Meet Chloe O’Keeffe, the business development manager for California Closets. Based in San Francisco, O’Keeffe worked as a design consultant for more than six years before transitioning into her current role as a liaison between California Closets, regional interior designers, architects, builders, developers and real estate brokers. She also holds a master’s degree in interior architecture.
Since well-designed spaces are O’Keeffe’s passion, we chatted with her about her interior style, how she approaches a new project and what she’s learned about turning a home into a sanctuary.
How would you describe your design style?
My personal aesthetic is modern — I love clean lines with an accent of something fun. The ‘fun’ can be really interesting hardware, a pop of color, textured or printed glass, or any small design detail that will make a big impact. When working with clients, I like to get a sense of what their current style is, what makes them comfortable and what they are aiming for, if they are trying to make a change. I rely on my own design aesthetic and gut to help my clients edit when needed.
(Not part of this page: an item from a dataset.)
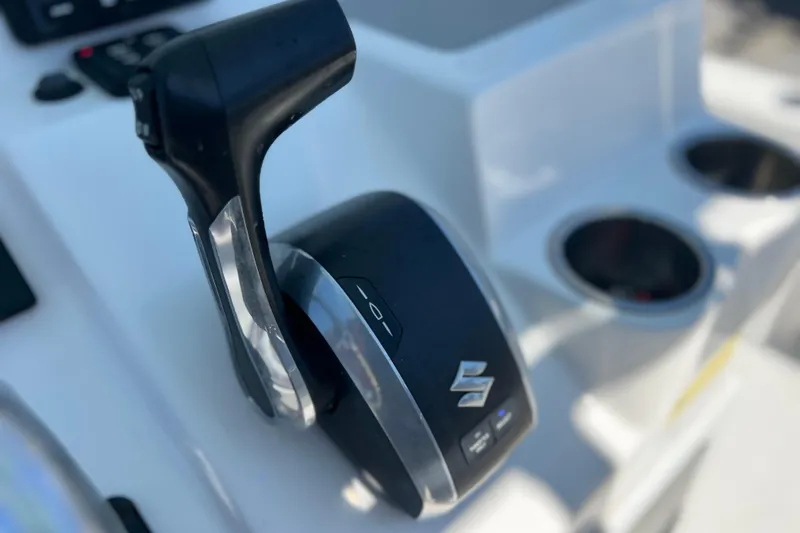Slide: The Image of Close-up of 2023 Sea Pro 248 Bay boat throttle control. - 30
I feel that a little pizzazz can go a long way.
What’s the first thing you do when you assess a new space you’re designing?
I tend to look at the bigger picture first. I like to start with an overall assessment of the space and what is around it. The design should be cohesive. Then I analyze what needs to fit into the design, and how I can marry the form, finishes, and the function.
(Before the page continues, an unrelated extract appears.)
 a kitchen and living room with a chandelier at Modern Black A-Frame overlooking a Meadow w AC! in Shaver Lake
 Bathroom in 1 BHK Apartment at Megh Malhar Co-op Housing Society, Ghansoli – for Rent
What’s your favorite design that you’ve done for a client?
One of my favorite designs I did was actually four years ago. It was a small walk-in closet
that had lots of weird obstructions for plumbing, as well as air chases. The obstructions that I originally thought were going to be such a challenge, ended up creating cute niches for handbags and shoes to fit into. The client picked this really fun wallpaper for the space, and then we kept everything else a simple white. Her personal style was a bit more traditional
compared to my more modern aesthetic, but we worked together well to create something perfect for her.
What’s the biggest design lesson you’ve learned over the course of your career?
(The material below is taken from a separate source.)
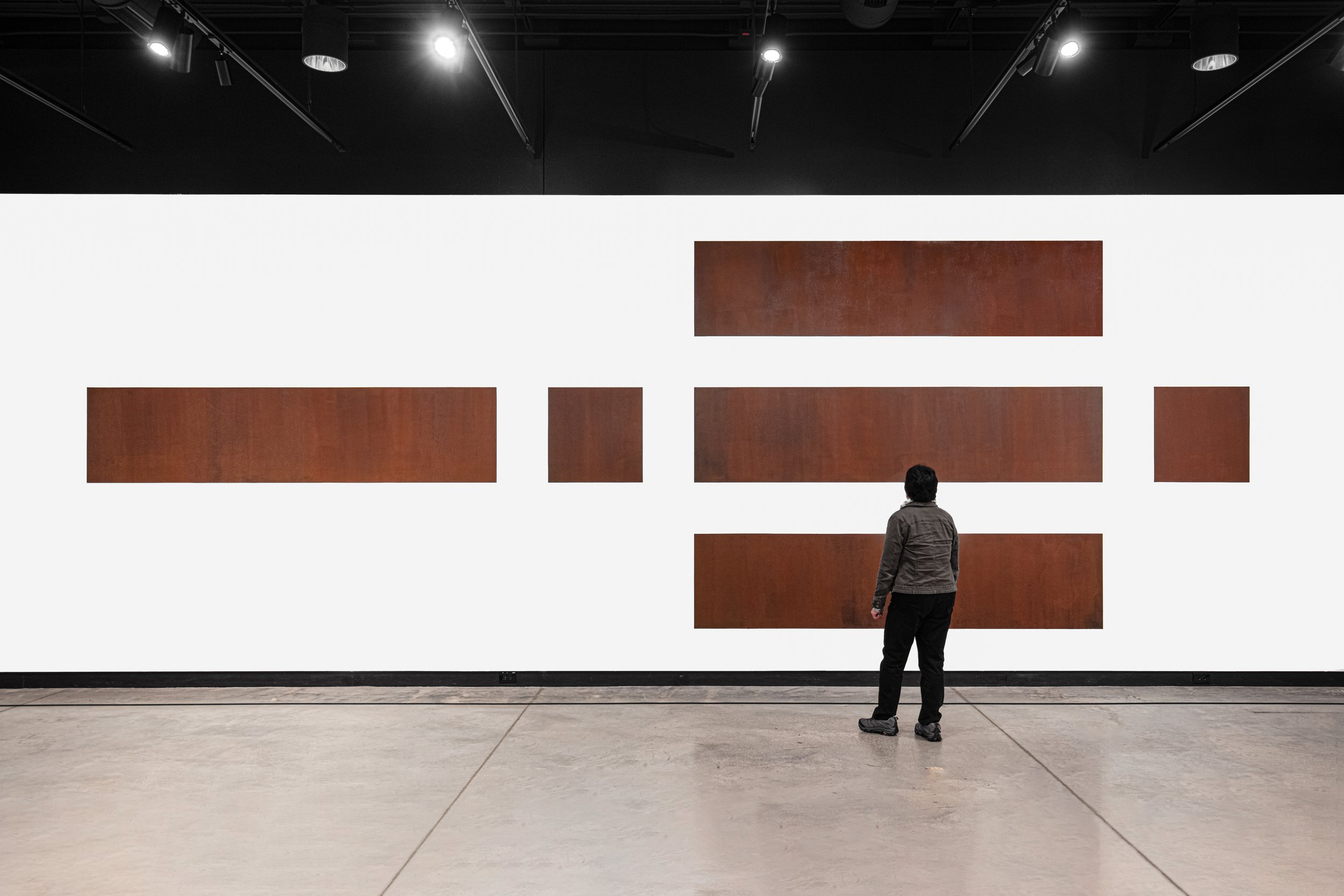 Individual admires “Rust in Peace” artwork. A depiction of each side of a box that would hold a nuclear weapon.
Not to make assumptions and to ask tons
of questions. For example, many clients have described their style as modern
during that first consultation, but when I see what they like or what their concept imagery is, I would classify their style more as transitional, or even sometimes traditional. I found that I really have to zoom in on certain aspects of design, and ask particular questions to really understand what exactly my client likes.
What’s your No. 1 design tip that can be applied to nearly every space?
The beauty is in the details, even if they are very small.